La santé humaine est intrinsèquement liée à la santé de nos écosystèmes. Pour Jean-Louis Koyagialo, expert en gouvernance environnementale, la lutte contre des épidémies dévastatrices comme le virus Ebola ne peut plus se contenter d’une réponse purement médicale ; elle doit s’attaquer à la racine environnementale du problème. La déforestation, l’exploitation minière et la pression humaine en RDC brisent les barrières naturelles. En détruisant l’habitat de la faune sauvage, l’homme provoque des déplacements d’animaux et multiplie les contacts à risque, propices au saut de la barrière des espèces par les virus.
Si le changement climatique n’a pas créé Ebola, il agit comme un catalyseur en créant des conditions de vulnérabilité sanitaire extrêmes. L’adoption globale de l’approche « One Health » (Une seule santé), combinant surveillance éco-épidémiologique, réformes législatives (notamment sur la chasse) et gouvernance rigoureuse des ressources.

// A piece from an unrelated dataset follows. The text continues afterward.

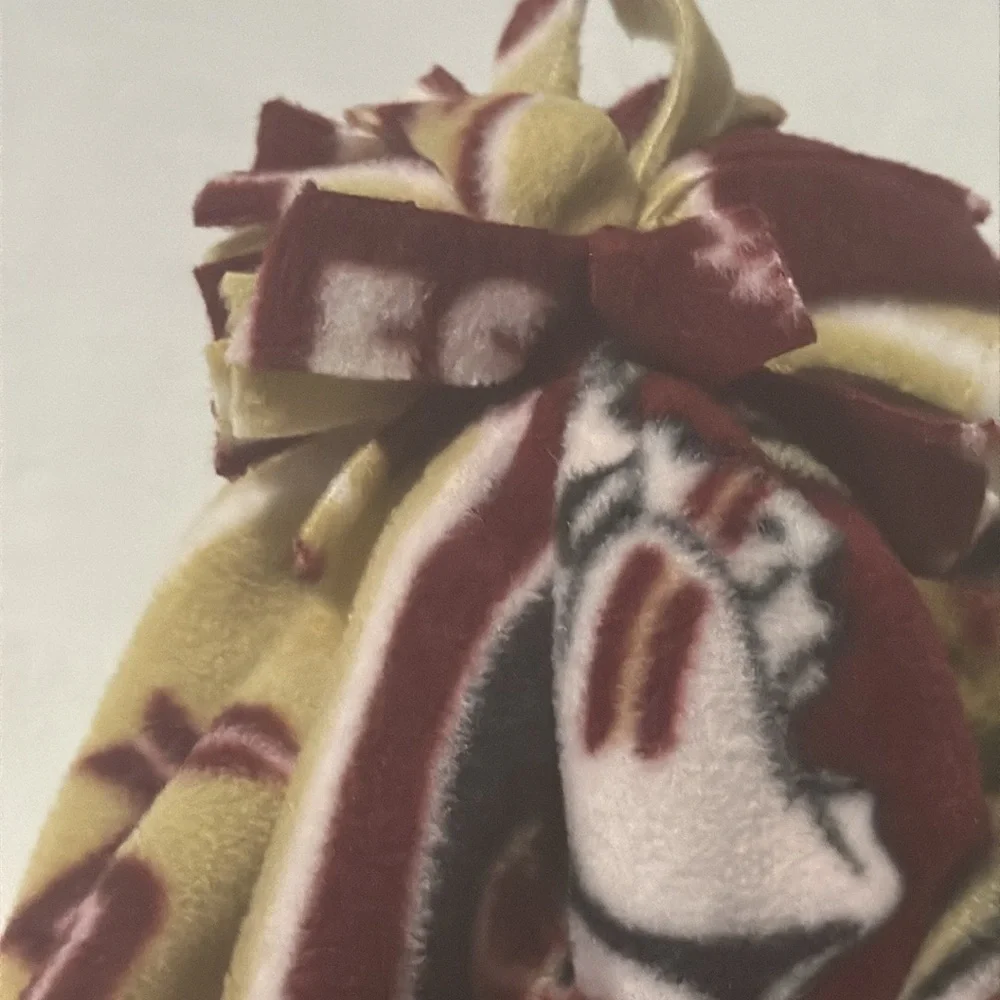 Handmade by Mad Garnet & Gold FSU Fleece Hat With Braided Tassels Size Large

« Ebola nous rappelle que la santé humaine commence dans la forêt », souligne l’expert. « Lorsque les habitats naturels sont détruits, les barrières entre les espèces s’effondrent, favorisant la transmission de virus présents dans la faune sauvage vers les populations humaines ».
En République démocratique du Congo (RDC), le virus Ebola demeure une menace récurrente. Pourtant, la réponse à ce fléau ne devrait pas être uniquement médicale ou curative. Pour cet expert en gouvernance environnementale, la lutte contre les épidémies est avant tout un combat pour la préservation de la biodiversité.
Il n’est plus donc un secret pour qui que ce soit, la déforestation libère les virus.Le mécanisme est désormais scientifiquement documenté, mais sa prise en compte politique tarde à s’imposer. En RDC, l’intensification de la déforestation, l’exploitation non durable des ressources et l’expansion minière détruisent à un rythme effréné les habitats naturels. « Détruire la nature, c’est libérer des risques », alerte Jean-Louis Koyagialo
C’est un cri du cœur et de la raison qui résonne en cette Journée mondiale de l’Environnement. « La santé humaine commence dans la forêt ».
Selon l’expert, en rasant les forêts, l’activité humaine brise les barrières écologiques ancestrales qui séparaient l’homme de la faune sauvage. Privés de leurs habitats, les animaux porteurs de virus se déplacent, se rapprochent des communautés humaines et multiplient les interactions à risque.
Face à ce péril, l’expert plaide pour un changement radical de paradigme à travers l’approche intégrée « One Health » (Une seule santé). Cette vision interconnecte de manière indissociable la santé de l’Homme, celle de l’animal et celle de l’environnement. Sauvegarder les forêts du bassin du Congo n’est plus seulement une question de crédit carbone ou de régulation des températures ; c’est un impératif de sécurité sanitaire mondiale.
Pour traduire cette vision en actes concrets, Jean-Louis Koyagialo formule trois recommandations urgentes pour la RDC, institutionnaliser l’approche One Health en intégrant systématiquement les risques sanitaires et épidémiologiques dans toutes les études d’impact environnemental. Déployer une surveillance éco-épidémiologique tout en mettant en place des systèmes d’alerte précoce capables de surveiller l’état de santé de la faune et des écosystèmes avant que les virus ne passent à l’homme ; et enfin, réformer la législation sur la chasse
En ce 5 juin, le message de l’expert est très simple, l’action climatique et environnementale doit être pensée comme la première ligne de défense de la santé publique. Protéger la forêt, ce n’est pas seulement sauver des arbres, c’est protéger nos vies.